Work to remove the Polytrack at Kenneland Race Course. Work to remove the Polytrack at Kenneland Race Course.
John Howard John Howard
Amy Gregory Amy Gregory
A closer look at the Polytrack surface being removed at Keeneland. A closer look at the Polytrack surface being removed at Keeneland.

LEXINGTON, KY (WAVE) - While a bride to be was posing for pictures on the rail at Keeneland, a divorce was going on right next to her. Keeneland is ending its eight year marriage to Polytrack and going back to dirt.

Work has started to dig up 16,000 tons of a synthetic racing surface made out of sand, carpet fiber, and rubber, coated in wax. They will replace it with 19,000 tons of dirt.

 "The racing surface will be six inches deep. The three bottom inches will be cushion, and three top inches will be the racing surface," said John Howard, the project manager.

Keeneland dumping Polytrack is surprising for many reasons. One year ago, officials strongly denied rumors they were replacing Polytrack with dirt, telling WAVE 3 News attendance was up, betting was up, and field sizes were up.

"We love it here, but we're not at the end of the journey," said Rogers Beasley, racing vice president at Keeneland, 12 months ago. "We continue to research and make it better and better."

But the biggest reason Keeneland was sticking to Polytrack was safety.
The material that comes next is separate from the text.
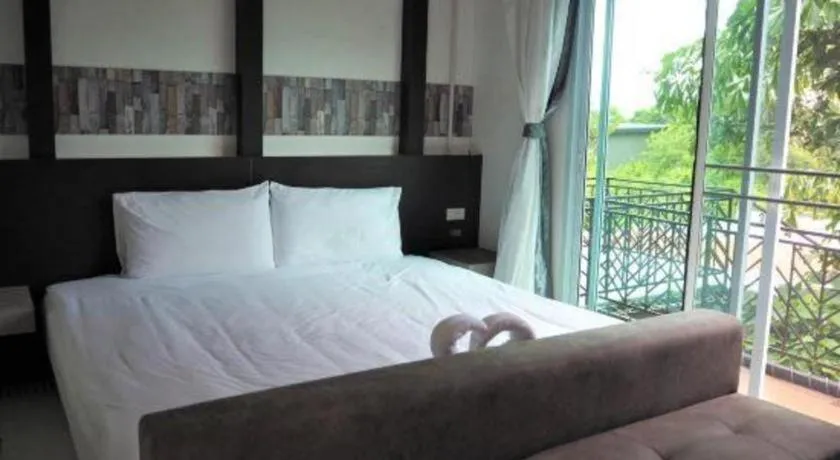 Bed in OYO 271 The Resort Romklao
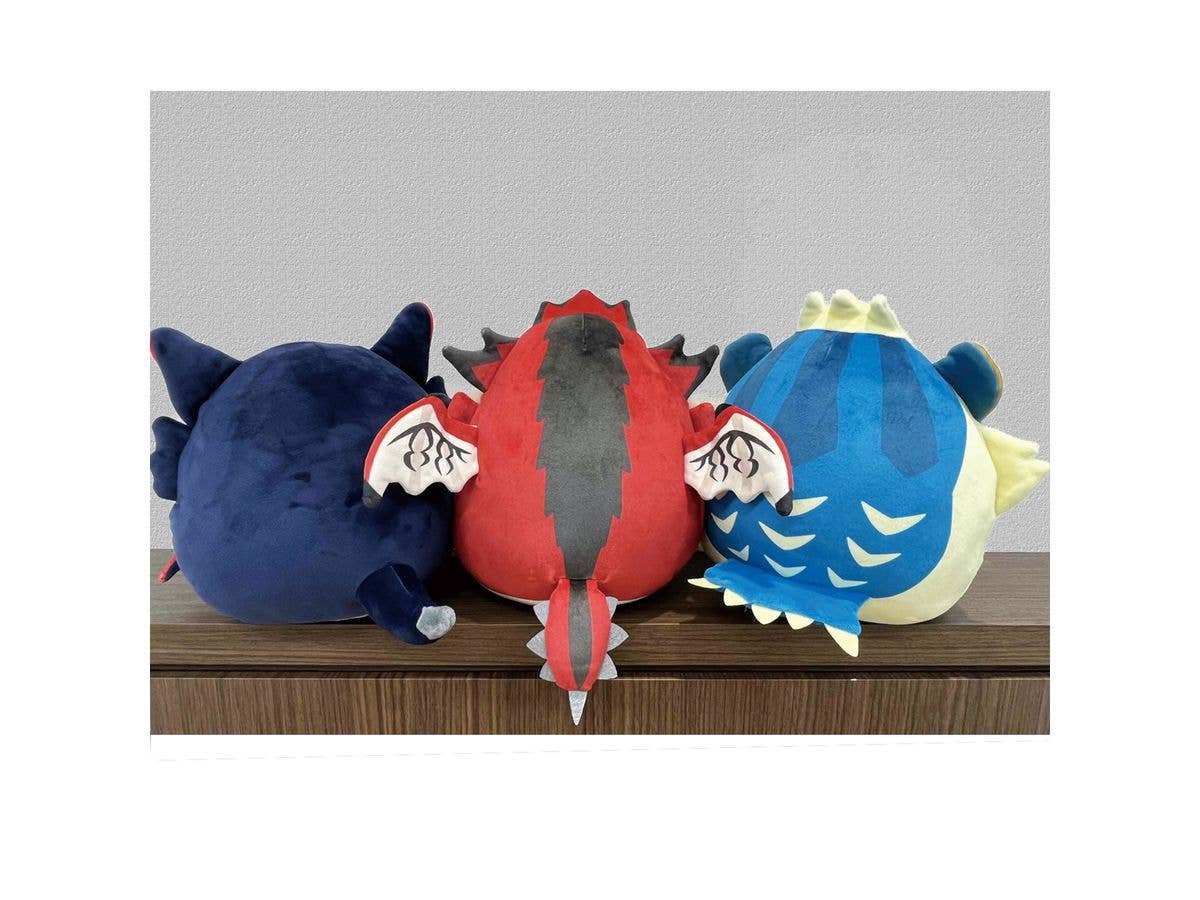 CAPCOM Monster Hunter Fluffy Eggshaped Plush Arzuros | 4976219124768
After analyzing three years of records in the equine injury data base we found a big difference in fatalities between dirt tracks and tracks that installed synthetic surfaces.

Dirt tracks like Aqueduct and Delaware averaged over three deaths per 1,000 starters. On the Polytrack at Keeneland, there was one death in 1,200 starters while the Polytrack at Turfway Park had one fatality for just under 5,000 starters.

Overall, the catastrophic breakdown rate on dirt tracks in North America last year was nearly five times the rate on Synthetic tracks. So why is Keeneland switching back?

"Owners and trainers are very traditional," said Amy Gregory, communications Director for Keeneland. "It's a very traditional sport. They prefer to race on dirt tracks. So we feel we're not abandoning safety whatsoever. It remains our top priority. We feel moving to a dirt track and having a top safety record are not mutually exclusive. We can do both."

After Keeneland and Del Mar complete the switch back to dirt, there will only be six thoroughbred tracks left in North America using a synthetic racing surface. They are confident they'll have the dirt track and drainage system in place at Keeneland in time for the fall meet.